Async gmem copy support on sm80+ #1619

shmsong · 2022-04-25T22:33:54Z

This PR is separated from #1440 to address initial support of cp.async.

This PR introduces the preliminary use cases in cp.async (sm80+):

Introduce resource string for cp.async and cp.async.wait
Separate IR node for cp.async.wait
Create a separate sync insertion logic for cp.async.wait so that it can be inserted independent of whether block sync is inserted or not.
Include predicate inversion WAR and related checks for cp.async initialization.
Support cp.async in double buffering, particularly pipe down LoadStoreOp in the analysis, and insert cp.async.wait in the double buffer loop.

…ync_initial_support

shmsong · 2022-05-07T01:39:17Z

These two C++ tests fail on my system:

[  FAILED  ] 2 tests, listed below:
[  FAILED  ] NVFuserTest.FusionPersistentNormLocalShared_CUDA
[  FAILED  ] NVFuserTest.FusionSmemBlockGemmCacheDoubleBuffer_CUDA

[ RUN      ] NVFuserTest.FusionPersistentNormLocalShared_CUDA
unknown file: Failure
C++ exception with description "(dynamic_smem_size) < (available_dynamic_smem_without_reconfiguration + additional_dynamic_smem_available_through_reconfiguration) INTERNAL ASSERT FAILED at "../torch/csrc/jit/codegen/cuda/executor.cpp":571, please report a bug to PyTorch.

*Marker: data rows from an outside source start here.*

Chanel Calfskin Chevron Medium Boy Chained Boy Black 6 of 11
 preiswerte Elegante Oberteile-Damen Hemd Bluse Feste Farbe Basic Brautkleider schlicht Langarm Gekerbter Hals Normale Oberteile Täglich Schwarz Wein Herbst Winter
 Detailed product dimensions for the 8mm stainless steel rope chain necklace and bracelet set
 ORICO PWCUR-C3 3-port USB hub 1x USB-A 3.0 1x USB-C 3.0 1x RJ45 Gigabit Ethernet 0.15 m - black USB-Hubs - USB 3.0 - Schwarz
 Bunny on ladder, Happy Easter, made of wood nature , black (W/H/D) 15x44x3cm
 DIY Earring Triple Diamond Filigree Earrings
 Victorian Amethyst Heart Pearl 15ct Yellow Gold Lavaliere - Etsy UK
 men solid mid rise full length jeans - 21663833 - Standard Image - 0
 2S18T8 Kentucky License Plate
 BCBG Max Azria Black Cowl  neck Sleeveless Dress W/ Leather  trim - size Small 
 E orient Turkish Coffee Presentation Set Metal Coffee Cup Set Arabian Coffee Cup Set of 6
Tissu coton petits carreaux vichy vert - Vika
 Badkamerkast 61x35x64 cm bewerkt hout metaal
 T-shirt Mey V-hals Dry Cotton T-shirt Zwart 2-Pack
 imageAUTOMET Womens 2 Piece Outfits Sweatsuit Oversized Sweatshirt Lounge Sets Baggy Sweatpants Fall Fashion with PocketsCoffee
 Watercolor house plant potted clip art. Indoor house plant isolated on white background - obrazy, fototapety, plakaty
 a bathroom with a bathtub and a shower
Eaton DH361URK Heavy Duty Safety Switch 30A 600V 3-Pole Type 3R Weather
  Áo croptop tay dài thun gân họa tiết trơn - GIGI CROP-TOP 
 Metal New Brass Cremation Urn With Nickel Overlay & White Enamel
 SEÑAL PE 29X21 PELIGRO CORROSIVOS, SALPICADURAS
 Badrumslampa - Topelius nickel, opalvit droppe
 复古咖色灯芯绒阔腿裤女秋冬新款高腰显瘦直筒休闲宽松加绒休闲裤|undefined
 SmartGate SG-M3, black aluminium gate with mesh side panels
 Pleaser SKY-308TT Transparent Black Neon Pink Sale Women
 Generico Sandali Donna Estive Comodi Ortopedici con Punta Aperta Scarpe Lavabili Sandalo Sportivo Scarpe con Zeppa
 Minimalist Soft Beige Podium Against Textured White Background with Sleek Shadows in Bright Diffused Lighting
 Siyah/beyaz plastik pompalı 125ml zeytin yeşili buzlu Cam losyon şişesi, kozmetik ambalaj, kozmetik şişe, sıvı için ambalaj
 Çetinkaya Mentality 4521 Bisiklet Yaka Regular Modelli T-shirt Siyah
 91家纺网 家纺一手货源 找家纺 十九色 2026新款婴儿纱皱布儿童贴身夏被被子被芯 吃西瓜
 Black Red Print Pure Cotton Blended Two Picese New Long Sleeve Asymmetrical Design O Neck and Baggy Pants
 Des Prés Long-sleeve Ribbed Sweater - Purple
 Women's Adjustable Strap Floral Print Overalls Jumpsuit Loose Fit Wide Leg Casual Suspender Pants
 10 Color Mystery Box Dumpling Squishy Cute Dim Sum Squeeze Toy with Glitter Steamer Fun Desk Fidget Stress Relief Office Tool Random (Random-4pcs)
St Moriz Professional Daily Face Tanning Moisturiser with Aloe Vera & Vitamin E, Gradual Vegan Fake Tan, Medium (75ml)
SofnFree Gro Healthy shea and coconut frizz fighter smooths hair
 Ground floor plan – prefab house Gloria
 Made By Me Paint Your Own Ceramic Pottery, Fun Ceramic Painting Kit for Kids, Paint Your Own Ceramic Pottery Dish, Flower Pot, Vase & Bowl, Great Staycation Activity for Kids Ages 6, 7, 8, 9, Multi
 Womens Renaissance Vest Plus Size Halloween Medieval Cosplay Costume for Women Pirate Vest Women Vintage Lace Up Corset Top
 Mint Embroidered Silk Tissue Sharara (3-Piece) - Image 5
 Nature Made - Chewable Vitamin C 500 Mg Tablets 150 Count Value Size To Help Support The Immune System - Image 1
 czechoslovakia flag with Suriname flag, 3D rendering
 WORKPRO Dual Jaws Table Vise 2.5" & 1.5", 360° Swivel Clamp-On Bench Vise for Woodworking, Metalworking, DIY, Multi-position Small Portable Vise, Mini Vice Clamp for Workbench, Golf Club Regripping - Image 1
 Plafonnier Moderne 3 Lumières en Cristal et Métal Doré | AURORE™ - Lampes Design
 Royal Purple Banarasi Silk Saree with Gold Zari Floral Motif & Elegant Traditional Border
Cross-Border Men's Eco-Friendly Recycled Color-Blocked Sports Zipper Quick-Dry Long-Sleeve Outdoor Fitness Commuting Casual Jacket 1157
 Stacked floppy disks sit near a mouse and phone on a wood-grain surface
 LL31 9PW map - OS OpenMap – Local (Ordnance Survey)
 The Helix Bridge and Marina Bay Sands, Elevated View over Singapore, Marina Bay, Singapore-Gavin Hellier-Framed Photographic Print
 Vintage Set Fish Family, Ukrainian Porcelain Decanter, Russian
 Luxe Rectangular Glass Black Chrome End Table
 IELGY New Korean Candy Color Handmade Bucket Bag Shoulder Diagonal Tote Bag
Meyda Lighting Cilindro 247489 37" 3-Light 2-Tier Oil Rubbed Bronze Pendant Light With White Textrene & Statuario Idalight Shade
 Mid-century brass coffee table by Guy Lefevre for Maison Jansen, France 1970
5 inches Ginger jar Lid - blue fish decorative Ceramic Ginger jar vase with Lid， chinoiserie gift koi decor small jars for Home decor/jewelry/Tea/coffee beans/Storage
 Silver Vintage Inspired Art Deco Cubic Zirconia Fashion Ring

The total shared memory allocation is larger than available memory. Dynamic size: 66048. Available size: 49136. Configured smem size: 49152. Device limit size: 65536

[ RUN      ] NVFuserTest.FusionSmemBlockGemmCacheDoubleBuffer_CUDA
unknown file: Failure
C++ exception with description "aten_output_tensor.allclose( fusion_output_tensor.to(aten_output_tensor.dtype()), tolerance_values.second, tolerance_values.first) INTERNAL ASSERT FAILED at "../torch/csrc/jit/codegen/cuda/test/test_gpu_validator.h":436, please report a bug to PyTorch.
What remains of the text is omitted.